Hemoglobin levels and blood transfusion in patients with sepsis in Internal Medicine Departments.
BMC Infect Dis. 2016 Oct 13;16(1):569
Authors: Muady GF, Bitterman H, Laor A, Vardi M, Urin V, Ghanem-Zoubi N
BACKGROUND: Acute reduction in hemoglobin levels is frequently seen during sepsis. Previous studies have focused on the management of anemia in patients with septic shock admitted to intensive care units (ICU's), including aggressive blood transfusion aiming to enhance tissue oxygenation.
AIM: To study the changes in hemoglobin concentrations during the first week of sepsis in the setting of Internal Medicine (IM) units, and their correlation to survival.
DESIGN: Observational prospective study.
METHODS: We recorded hemoglobin values upon admission and throughout the first week of hospital stay in a consecutive cohort of septic patients admitted to IM units at a community hospital, the patients were enrolled into a prospective registry. Data on blood transfusions was also collected, we examined the correlation between hemoglobin concentrations during the first week of sepsis and survival, the effect of blood transfusion was also assessed.
RESULTS: Eight hundred and fifteen patients (815) with sepsis were enrolled between February 2008 to January 2009. More than 20 % of them had hemoglobin levels less than 10g/dL on admission, a rate that was doubled during the first week of sepsis.

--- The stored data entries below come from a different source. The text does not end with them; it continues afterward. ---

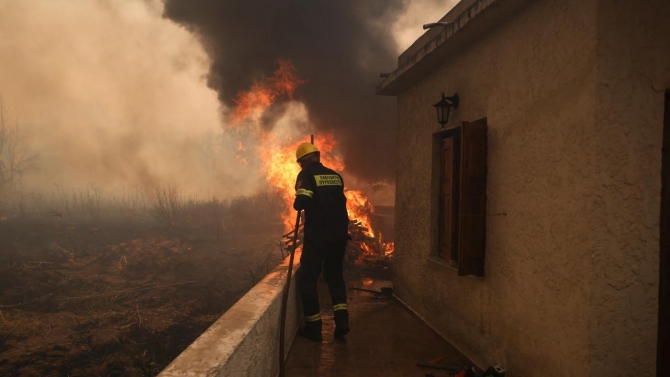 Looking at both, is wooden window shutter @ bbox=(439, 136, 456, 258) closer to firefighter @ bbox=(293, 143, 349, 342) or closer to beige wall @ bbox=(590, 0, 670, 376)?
firefighter @ bbox=(293, 143, 349, 342)

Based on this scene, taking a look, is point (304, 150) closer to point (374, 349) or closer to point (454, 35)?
point (454, 35)

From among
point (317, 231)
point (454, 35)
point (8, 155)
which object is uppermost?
point (8, 155)

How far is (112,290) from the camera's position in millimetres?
9922

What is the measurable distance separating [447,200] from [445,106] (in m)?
1.15

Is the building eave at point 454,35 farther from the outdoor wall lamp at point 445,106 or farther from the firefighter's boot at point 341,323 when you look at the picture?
the firefighter's boot at point 341,323

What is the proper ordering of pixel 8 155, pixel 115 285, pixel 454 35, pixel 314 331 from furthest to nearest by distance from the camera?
pixel 8 155 < pixel 115 285 < pixel 314 331 < pixel 454 35

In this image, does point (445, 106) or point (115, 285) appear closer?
point (445, 106)

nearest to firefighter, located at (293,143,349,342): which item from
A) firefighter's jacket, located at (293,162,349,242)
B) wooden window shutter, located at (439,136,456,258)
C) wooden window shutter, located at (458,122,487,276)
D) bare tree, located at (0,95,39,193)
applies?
firefighter's jacket, located at (293,162,349,242)

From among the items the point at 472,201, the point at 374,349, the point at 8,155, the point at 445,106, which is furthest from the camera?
the point at 8,155

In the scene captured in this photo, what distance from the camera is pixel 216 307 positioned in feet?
30.4

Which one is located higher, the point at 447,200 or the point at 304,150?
the point at 304,150

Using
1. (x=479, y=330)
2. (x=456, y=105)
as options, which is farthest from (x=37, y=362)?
(x=456, y=105)

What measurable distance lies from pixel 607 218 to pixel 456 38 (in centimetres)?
237

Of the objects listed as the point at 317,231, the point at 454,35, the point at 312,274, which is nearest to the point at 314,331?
the point at 312,274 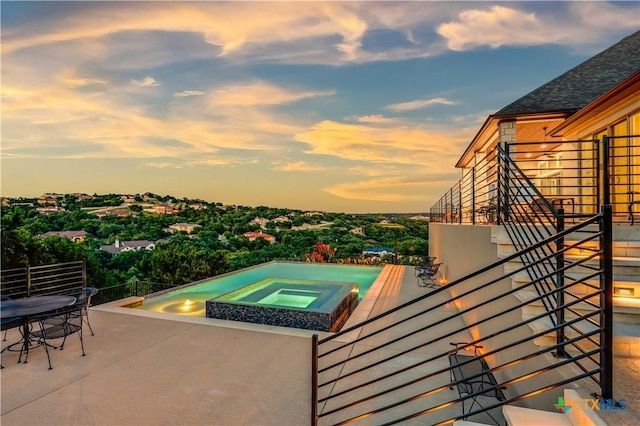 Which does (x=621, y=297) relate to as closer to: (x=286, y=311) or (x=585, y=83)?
(x=286, y=311)

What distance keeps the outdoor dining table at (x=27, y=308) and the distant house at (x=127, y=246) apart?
1536 centimetres

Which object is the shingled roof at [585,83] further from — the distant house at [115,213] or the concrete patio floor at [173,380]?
the distant house at [115,213]

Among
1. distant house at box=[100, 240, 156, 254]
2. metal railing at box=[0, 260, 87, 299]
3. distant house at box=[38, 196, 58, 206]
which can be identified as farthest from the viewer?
distant house at box=[100, 240, 156, 254]

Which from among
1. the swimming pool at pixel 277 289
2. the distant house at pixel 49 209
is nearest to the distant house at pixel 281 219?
the swimming pool at pixel 277 289

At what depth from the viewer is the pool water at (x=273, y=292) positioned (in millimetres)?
7875

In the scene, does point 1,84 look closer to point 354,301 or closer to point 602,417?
point 354,301

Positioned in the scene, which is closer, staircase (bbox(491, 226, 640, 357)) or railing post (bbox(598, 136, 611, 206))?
staircase (bbox(491, 226, 640, 357))

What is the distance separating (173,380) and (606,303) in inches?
162

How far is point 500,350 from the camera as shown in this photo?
153 centimetres

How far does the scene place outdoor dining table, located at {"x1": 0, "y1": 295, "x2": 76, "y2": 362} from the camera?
3726 millimetres

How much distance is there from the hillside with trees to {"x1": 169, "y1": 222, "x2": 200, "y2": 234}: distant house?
0.07 metres

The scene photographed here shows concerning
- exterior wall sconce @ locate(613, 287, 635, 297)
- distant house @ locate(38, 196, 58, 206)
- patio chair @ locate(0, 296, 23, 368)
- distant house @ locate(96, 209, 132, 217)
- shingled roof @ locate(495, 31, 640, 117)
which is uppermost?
shingled roof @ locate(495, 31, 640, 117)

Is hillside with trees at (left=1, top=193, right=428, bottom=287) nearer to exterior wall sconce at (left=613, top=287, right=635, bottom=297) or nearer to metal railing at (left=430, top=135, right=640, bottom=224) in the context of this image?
metal railing at (left=430, top=135, right=640, bottom=224)

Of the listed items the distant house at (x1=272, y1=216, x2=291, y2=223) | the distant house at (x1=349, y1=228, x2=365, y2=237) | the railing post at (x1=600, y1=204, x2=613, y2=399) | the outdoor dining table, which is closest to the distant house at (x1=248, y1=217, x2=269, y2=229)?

Overall, 68 (8.3 %) received blood transfusions, 14 of them (20.6 %) due to bleeding. Typically, blood transfusion was given to older patients with a higher rate of malignancy and lower hemoglobin levels. While hemoglobin concentration on admission had strong correlation with in-hospital mortality (O.R-0.83 [95 % C.I. 0.74-0.92], blood transfusion was not found to be an independent predicting factor for mortality.
CONCLUSION: Anemia is very common in sepsis. While hemoglobin level on admission exhibit independent correlation with survival, blood transfusion do not.